=== Dataset records ===

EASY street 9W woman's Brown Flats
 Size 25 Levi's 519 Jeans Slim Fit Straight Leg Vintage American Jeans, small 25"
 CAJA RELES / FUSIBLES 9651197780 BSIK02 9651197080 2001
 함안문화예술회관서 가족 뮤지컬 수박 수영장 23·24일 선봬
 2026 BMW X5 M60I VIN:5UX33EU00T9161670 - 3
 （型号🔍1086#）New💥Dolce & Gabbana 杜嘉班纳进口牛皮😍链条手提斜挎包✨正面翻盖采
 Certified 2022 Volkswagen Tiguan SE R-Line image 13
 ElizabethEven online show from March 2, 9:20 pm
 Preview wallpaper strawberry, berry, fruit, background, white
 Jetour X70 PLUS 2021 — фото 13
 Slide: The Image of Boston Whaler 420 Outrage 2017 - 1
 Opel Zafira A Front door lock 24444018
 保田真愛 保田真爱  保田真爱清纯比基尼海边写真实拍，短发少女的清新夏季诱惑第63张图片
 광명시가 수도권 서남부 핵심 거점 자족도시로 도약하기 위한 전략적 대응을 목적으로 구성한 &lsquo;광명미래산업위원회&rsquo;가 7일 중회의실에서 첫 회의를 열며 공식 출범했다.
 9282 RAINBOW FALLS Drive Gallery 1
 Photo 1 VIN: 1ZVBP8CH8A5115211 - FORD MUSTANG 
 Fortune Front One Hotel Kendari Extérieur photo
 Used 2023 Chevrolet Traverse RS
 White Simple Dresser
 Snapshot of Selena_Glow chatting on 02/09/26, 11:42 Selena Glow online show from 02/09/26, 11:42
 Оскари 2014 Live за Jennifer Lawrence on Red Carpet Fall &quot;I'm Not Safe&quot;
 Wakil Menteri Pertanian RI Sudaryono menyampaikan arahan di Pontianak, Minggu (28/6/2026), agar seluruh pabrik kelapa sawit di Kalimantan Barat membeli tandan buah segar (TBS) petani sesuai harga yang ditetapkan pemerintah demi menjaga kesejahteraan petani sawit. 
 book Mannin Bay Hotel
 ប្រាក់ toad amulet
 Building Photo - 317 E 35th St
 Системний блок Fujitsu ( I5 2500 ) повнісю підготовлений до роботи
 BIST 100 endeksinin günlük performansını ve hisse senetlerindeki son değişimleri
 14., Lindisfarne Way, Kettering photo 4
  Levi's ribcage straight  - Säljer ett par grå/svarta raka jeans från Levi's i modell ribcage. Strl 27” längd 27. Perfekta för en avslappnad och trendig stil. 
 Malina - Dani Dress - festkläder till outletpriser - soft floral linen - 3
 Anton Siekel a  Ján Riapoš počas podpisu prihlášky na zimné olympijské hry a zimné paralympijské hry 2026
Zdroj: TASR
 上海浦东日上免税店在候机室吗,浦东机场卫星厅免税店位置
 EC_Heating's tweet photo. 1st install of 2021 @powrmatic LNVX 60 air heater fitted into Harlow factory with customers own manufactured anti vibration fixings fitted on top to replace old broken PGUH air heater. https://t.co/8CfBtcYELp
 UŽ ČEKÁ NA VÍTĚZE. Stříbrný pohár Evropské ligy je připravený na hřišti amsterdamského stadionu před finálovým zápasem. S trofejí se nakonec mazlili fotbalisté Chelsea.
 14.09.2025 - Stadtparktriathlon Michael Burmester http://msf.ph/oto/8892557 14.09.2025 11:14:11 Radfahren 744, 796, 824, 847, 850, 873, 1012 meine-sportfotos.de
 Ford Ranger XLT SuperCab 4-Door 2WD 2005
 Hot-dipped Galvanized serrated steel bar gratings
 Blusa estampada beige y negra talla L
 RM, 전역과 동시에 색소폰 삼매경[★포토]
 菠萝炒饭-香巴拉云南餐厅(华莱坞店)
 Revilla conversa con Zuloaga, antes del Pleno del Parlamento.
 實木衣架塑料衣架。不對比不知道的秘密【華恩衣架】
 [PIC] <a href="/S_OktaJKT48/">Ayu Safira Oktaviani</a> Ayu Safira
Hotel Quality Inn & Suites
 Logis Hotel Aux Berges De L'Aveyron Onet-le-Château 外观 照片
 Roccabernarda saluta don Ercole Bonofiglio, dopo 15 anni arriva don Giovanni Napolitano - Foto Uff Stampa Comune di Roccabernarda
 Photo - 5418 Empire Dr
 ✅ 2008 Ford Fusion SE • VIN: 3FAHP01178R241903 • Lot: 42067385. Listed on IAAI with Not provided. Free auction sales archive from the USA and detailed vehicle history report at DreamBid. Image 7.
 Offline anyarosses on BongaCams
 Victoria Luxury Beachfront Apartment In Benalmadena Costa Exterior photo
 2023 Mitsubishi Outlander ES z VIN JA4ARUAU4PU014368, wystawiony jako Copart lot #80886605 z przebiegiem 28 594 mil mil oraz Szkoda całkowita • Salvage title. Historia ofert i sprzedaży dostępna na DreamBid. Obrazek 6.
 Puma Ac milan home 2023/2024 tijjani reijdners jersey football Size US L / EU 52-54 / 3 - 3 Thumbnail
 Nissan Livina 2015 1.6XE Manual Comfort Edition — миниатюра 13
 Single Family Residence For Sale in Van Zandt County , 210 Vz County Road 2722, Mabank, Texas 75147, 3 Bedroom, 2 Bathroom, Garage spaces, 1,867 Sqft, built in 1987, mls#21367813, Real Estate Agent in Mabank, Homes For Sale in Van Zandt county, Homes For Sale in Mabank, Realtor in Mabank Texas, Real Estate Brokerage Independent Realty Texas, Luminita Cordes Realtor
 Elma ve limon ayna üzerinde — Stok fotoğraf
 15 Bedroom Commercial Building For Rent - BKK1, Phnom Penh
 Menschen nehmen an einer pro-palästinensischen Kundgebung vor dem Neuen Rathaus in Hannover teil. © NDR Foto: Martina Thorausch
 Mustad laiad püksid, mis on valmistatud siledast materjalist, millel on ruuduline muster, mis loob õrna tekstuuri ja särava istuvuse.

===

Once you find the string "Size" in a line of the records, copy that line.

 Size 25 Levi's 519 Jeans Slim Fit Straight Leg Vintage American Jeans, small 25"
 Puma Ac milan home 2023/2024 tijjani reijdners jersey football Size US L / EU 52-54 / 3 - 3 Thumbnail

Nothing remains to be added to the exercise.